# Exercise aim
Write out the following listing's lines from the one with "A man holding" to the one with "Two people practicing", exactly, with both included and no others.

# Data for this task

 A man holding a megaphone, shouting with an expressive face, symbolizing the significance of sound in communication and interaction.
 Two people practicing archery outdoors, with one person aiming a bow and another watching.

---

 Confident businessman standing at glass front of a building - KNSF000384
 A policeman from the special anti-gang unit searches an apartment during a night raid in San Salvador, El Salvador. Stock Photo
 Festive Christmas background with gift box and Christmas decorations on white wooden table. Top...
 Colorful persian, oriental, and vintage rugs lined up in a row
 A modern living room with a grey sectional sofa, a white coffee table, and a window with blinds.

# Solution to the exercise
 A man holding a megaphone, shouting with an expressive face, symbolizing the significance of sound in communication and interaction.
 Two people practicing archery outdoors, with one person aiming a bow and another watching.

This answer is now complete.